### AIM OF THE TASK
Transcribe all of the data exactly. Images stay out.

### DATASET SECTION
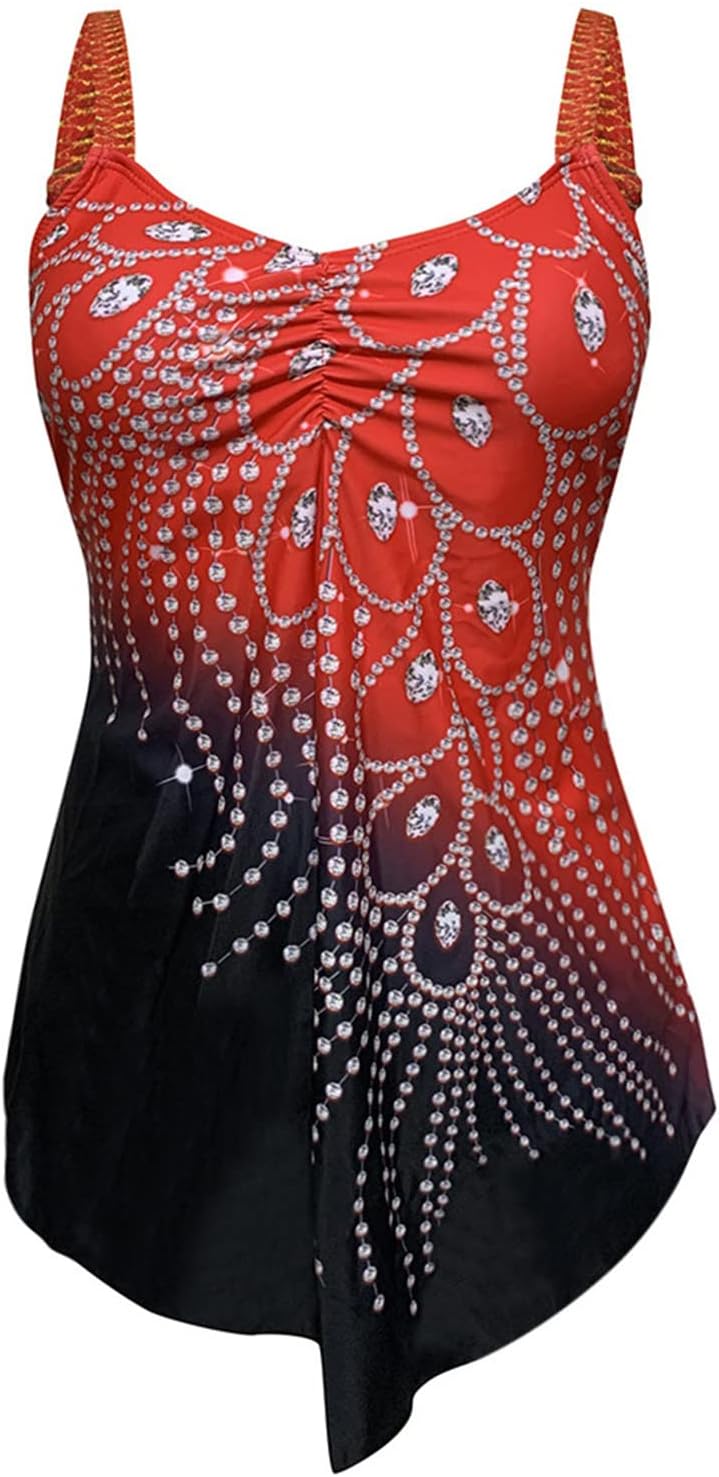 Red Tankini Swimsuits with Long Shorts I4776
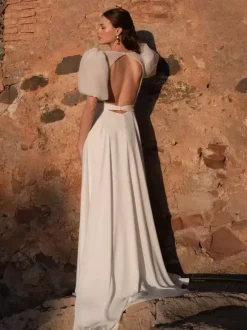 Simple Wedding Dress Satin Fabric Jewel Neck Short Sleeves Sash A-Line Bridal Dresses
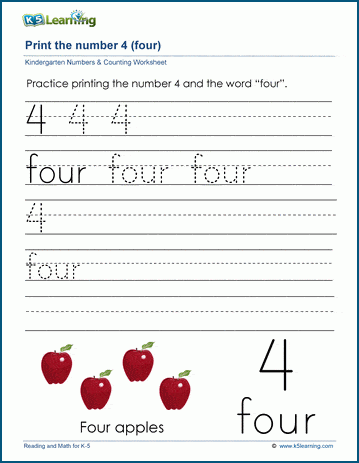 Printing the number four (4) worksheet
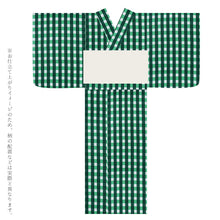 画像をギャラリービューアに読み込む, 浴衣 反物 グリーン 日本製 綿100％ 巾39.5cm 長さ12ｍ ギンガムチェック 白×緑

### RESPONSE AREA
 Red Tankini Swimsuits with Long Shorts I4776
 Simple Wedding Dress Satin Fabric Jewel Neck Short Sleeves Sash A-Line Bridal Dresses
 Printing the number four (4) worksheet
 画像をギャラリービューアに読み込む, 浴衣 反物 グリーン 日本製 綿100％ 巾39.5cm 長さ12ｍ ギンガムチェック 白×緑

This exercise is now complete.